THE INPUT.
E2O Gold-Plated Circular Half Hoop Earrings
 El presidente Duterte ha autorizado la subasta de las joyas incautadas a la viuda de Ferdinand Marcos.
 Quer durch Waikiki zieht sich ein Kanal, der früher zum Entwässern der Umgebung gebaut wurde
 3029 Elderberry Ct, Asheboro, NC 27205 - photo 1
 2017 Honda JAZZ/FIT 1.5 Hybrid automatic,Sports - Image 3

PROBLEM REQUIREMENTS. Lines from the one containing "3029 Elderberry Ct, Asheboro, NC" through the last line of the data above are the only output wanted; restate them exactly.

WRITTEN RESPONSE.
 3029 Elderberry Ct, Asheboro, NC 27205 - photo 1
 2017 Honda JAZZ/FIT 1.5 Hybrid automatic,Sports - Image 3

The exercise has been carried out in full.